The array `image` is the input, and `steps` contains the values of the inner variables of the HOG algorithm.

In [None]:
image, steps = mllab.pca.hog_test_data()


** Repeat task 3.6 with the HOG features.**

In [None]:
# Your code here
hogs = np.zeros(shape=(x_n.shape[0], 360))
hogs_test = np.zeros(shape=(x_test_n.shape[0], 360))
for i in range(x_n.shape[0]):
    hogs[i] = hog.extract(x_n[i].reshape(25,50))
for i in range(x_test_n.shape[0]) :
    hogs_test[i] = hog.extract(x_test_n[i].reshape(25,50))

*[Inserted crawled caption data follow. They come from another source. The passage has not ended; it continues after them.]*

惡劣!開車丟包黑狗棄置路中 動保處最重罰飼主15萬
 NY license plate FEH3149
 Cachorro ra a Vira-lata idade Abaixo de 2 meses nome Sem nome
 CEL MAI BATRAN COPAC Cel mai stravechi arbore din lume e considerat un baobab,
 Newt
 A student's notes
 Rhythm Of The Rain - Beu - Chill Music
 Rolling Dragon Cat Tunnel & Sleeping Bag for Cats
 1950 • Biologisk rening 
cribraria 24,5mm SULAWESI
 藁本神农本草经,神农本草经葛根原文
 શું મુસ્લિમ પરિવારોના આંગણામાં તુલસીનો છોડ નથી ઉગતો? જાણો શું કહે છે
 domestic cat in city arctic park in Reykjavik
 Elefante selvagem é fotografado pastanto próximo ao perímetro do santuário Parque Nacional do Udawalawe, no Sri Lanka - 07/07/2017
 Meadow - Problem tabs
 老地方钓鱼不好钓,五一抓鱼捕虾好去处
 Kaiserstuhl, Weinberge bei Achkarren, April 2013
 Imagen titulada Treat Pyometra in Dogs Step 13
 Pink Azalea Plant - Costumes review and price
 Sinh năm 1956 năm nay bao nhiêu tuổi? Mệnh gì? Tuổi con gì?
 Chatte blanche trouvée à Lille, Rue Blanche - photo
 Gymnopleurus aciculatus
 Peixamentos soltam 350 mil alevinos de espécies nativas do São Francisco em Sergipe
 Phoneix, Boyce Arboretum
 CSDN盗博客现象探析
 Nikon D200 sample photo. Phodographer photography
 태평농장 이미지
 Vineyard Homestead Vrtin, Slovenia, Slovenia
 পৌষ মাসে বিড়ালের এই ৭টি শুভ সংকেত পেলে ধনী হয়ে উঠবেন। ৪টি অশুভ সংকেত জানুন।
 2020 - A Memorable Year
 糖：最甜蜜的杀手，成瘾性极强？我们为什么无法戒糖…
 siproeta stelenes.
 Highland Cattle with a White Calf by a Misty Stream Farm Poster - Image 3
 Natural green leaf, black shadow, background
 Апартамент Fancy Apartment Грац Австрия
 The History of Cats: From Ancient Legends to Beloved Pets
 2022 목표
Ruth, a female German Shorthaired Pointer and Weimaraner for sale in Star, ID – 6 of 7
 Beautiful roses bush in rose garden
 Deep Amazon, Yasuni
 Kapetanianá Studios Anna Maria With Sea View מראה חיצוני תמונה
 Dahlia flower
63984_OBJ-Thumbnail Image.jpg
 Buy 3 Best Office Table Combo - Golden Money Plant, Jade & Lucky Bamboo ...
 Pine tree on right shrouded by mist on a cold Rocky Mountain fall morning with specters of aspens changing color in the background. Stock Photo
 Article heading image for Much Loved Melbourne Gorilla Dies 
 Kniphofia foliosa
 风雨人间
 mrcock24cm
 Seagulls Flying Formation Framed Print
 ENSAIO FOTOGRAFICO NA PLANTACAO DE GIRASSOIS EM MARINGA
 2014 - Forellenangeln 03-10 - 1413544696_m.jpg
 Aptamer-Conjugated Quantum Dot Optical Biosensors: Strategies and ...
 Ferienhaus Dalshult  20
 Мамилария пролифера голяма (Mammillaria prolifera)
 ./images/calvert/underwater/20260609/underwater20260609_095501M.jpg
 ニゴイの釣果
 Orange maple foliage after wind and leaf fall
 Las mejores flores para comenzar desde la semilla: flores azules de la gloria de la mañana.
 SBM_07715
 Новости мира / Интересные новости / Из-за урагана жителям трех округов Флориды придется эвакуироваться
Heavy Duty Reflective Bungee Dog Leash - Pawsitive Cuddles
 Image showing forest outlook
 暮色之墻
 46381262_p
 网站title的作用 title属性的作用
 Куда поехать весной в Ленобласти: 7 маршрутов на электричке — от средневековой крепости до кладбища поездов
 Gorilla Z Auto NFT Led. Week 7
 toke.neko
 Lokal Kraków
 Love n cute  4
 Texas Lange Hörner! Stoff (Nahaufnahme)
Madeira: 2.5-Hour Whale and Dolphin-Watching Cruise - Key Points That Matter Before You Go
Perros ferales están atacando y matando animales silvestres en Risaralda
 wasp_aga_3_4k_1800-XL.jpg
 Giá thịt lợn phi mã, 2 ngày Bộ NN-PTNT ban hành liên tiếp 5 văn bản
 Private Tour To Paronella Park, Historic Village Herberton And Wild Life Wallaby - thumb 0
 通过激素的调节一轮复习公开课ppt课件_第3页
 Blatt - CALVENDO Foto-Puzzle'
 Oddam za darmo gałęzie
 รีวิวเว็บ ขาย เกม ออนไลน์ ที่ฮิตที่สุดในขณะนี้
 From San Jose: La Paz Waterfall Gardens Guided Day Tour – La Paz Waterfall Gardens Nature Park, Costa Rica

pca = PCA(hogs[0].size)    
hogs_transformed = pca.fit_transform(hogs)
hogs_test_transformed = pca.transform(hogs_test)

def fitSVM(i):
    print("Fitting model using {} principal components".format(i))
    clf = LinearSVC(random_state=0, dual=False)
    clf.fit(hogs_transformed[:,:i],y) 
    score_test = accuracy_score(y_test, clf.predict(hogs_test_transformed[:,:i]))
    score_train = accuracy_score(y, clf.predict(hogs_transformed[:,:i]))
    return (score_test, score_train, i)

pool = mp.Pool(processes=4)
results = pool.map(fitSVM, range(10,360,10))

results.sort(key=lambda triple: triple[2])

plt.scatter(list(range(10,360,10)),[triple[0] for triple in results], c='red')
plt.scatter(list(range(10,360,10)),[triple[1] for triple in results], c='blue')